» **Prompt**
Scan the entries below for the word "Home". Copy out every line in which it occurs.

» **Dataset extract**
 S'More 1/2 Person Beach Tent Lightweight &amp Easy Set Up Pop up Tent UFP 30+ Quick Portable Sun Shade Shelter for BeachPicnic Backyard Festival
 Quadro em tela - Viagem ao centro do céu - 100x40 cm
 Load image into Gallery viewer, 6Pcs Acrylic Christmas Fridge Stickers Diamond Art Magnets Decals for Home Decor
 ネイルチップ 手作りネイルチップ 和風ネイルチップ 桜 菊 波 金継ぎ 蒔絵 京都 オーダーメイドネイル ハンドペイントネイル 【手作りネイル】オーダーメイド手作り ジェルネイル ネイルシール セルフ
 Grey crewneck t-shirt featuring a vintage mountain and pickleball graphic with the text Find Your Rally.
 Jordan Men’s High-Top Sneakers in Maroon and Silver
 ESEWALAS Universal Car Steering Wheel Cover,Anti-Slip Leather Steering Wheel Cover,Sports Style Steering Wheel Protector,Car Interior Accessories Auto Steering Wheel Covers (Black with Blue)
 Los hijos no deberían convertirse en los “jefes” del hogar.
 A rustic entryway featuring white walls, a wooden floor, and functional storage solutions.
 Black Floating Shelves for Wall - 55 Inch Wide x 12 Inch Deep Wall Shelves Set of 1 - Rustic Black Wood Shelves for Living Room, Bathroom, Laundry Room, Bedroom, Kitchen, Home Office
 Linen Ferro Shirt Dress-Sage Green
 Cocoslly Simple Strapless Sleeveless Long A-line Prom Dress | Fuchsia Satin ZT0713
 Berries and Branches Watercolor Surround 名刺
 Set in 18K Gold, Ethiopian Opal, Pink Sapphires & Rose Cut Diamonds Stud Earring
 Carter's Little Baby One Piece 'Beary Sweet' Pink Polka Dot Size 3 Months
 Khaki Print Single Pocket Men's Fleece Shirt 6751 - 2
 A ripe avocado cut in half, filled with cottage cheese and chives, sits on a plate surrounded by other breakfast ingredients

» **Answer**
 Load image into Gallery viewer, 6Pcs Acrylic Christmas Fridge Stickers Diamond Art Magnets Decals for Home Decor
 Black Floating Shelves for Wall - 55 Inch Wide x 12 Inch Deep Wall Shelves Set of 1 - Rustic Black Wood Shelves for Living Room, Bathroom, Laundry Room, Bedroom, Kitchen, Home Office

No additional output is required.